[spambayes-dev] Re: spambayes-dev Digest, Vol 12, Issue 15

Skip Montanaro skip at pobox.com
Fri Apr 16 23:52:53 EDT 2004


    >> One thing I think we need to be careful of is using test data sets
    >> whose messages are too old.  It's apparent the spammers are a moving
    >> target, so what worked one or six months ago (or perhaps even a week
    >> ago) may not work as well today.

    Thomas> .... A guy named Terry Sullivan (who knows a _lot_ more about
    Thomas> statistics than I do) analyzed [Thomas's data] and presented
    Thomas> some conclusions about spam volatility at the MIT conference
    Thomas> this past January. He composed a summary article about it here:

    Thomas> http://www.qaqd.com/research/spam-e1.htm

    Thomas> The upshot was spam changes a lot more slowly than common
    Thomas> thought suggests.

I'm not going to try and argue with statistics, however, if I understand the
summary article, it appears that two features in the principle component
analysis account for 86% of the properties of your data set and that all the
other features were indistinguishable from noise.  I don't know how 86%
relates to how much spam those two features would reliably detect,
especially in the presence of ham, but my guess is that it's much less than
the 99+% we need to have an effective spam filtering solution.  Looking at
how Spambayes has classified my mail since mid-December, I see 168k spams (~
60%), 87k hams (~ 31%) and 27k unsures (~ 10%).  If Spambayes was only
identifying 86% of the spams (does the PCA number imply that?), that would
be another 23k spams I'd have had to look at.  In addition, PCA doesn't seem
like it begins to address the issue of false positives and false negatives.
Who cares if it identifies 86% of the spams if it also erroneously
classifies 1% (to pick a number out of thin air) of the hams as spams?

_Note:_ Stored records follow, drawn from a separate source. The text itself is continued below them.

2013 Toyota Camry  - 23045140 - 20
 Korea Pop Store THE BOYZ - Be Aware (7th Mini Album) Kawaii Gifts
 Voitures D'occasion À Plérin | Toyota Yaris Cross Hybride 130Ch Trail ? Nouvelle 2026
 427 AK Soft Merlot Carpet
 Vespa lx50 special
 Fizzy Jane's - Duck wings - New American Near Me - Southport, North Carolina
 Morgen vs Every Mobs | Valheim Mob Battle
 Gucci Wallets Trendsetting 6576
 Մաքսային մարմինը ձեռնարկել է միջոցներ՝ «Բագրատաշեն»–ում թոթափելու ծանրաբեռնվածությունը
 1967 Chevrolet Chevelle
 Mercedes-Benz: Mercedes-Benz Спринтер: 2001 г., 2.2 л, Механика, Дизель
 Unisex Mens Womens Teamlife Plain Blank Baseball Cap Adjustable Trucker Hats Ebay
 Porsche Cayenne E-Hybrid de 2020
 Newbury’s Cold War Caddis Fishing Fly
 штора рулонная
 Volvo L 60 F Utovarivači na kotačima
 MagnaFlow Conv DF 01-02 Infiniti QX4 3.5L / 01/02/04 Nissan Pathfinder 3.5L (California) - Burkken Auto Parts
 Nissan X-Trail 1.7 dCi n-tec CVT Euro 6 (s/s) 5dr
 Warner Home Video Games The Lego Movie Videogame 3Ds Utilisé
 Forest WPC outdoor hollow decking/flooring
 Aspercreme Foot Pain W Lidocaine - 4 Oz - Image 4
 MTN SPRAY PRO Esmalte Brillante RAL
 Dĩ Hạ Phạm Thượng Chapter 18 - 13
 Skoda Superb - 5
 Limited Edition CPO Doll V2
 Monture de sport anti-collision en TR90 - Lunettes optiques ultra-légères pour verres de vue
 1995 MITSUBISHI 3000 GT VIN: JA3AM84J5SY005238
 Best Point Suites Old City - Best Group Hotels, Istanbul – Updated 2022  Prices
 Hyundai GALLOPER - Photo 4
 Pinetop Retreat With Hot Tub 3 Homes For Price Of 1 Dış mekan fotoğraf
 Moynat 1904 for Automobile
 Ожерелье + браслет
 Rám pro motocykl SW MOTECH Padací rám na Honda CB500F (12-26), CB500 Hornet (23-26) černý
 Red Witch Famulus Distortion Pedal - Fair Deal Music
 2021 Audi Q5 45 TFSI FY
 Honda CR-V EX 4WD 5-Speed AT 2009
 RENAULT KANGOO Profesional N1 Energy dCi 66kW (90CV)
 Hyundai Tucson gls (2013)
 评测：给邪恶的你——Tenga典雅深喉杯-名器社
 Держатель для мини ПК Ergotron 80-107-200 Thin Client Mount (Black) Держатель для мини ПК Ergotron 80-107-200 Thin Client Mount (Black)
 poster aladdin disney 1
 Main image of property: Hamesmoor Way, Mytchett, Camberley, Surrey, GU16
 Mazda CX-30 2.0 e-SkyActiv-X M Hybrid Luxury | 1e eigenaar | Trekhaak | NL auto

It's clear that spammers try different things.  They have to move from one
mail host to another.  They have to cover their tracks by routing mail
through open relays.  They have to "infect" vulnerable machines to create
open relays for themselves.  They have to add hash busters.  They have to
disguise key words (like "v1 at grA").  They have to gut their sales pitch and
just refer you to a URL.  They have to add word salad (both nonsense words
and real, but randomly chosen words).  They do this and lots of other stuff
to try and squeak as much spam past filters as they can.  I believe they
will continue to try other tricks.  One can hope that they are running out
of tricks to try, but I'm pessimistic.